Take some time to learn the signs of water and how to access it when we can’t see it, how to make it safe, and how we’d transport it from one building or floor or rural/woods location to another if our partners are over there dehydrating.

Wilderness Survival for Minuteman Deployment

Because we’re all different, in very different areas with very different situations to consider, the ways we anticipate participating as a citizen soldier varies. That means the skills we need to be effective vary, too.

(Editor’s Note: A comment on “photojournalism – there were no “Koreatown, LA Riots in 1992”, there was the Rodney King Riot in 1992, where the business owners in the area of  Los Angeles known as “Koreatown” armed themselves to the teeth, barricaded their business and stood guard, ready to shoot any looters or people attempting to do damage to their businesses or hurt their families. As a result the area was untouched, passed by by the criminals who set fires and destroyed property throughout Watts and Los Angeles. A lesson still not learned by so many. In that same area today would they not all be arrested on one of the endless weapons charges that have popped up since?

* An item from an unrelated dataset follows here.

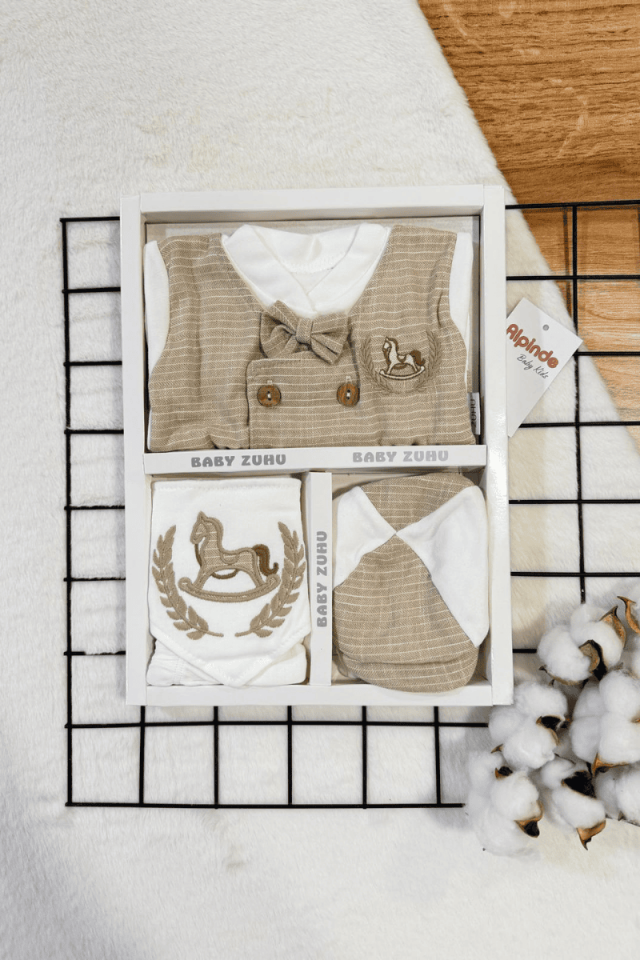 Çift Düğmeli Yelekli  Sallanır At Nakışlı %100 Pamuk 5li Zıbın Set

Nowhere is that truer than the wilderness and survival skills we might require.

There’s too much to do to try and cover it all, particularly all at once while also balancing daily life and other preps. Think through specific situations, and current capabilities. Whittle the many lists that exist down to highest priority, and concentrate on the things that have the most application in the most scenarios.

Work what’s most likely to be needed and used first and foremost, for us specifically as individuals, and expand later on.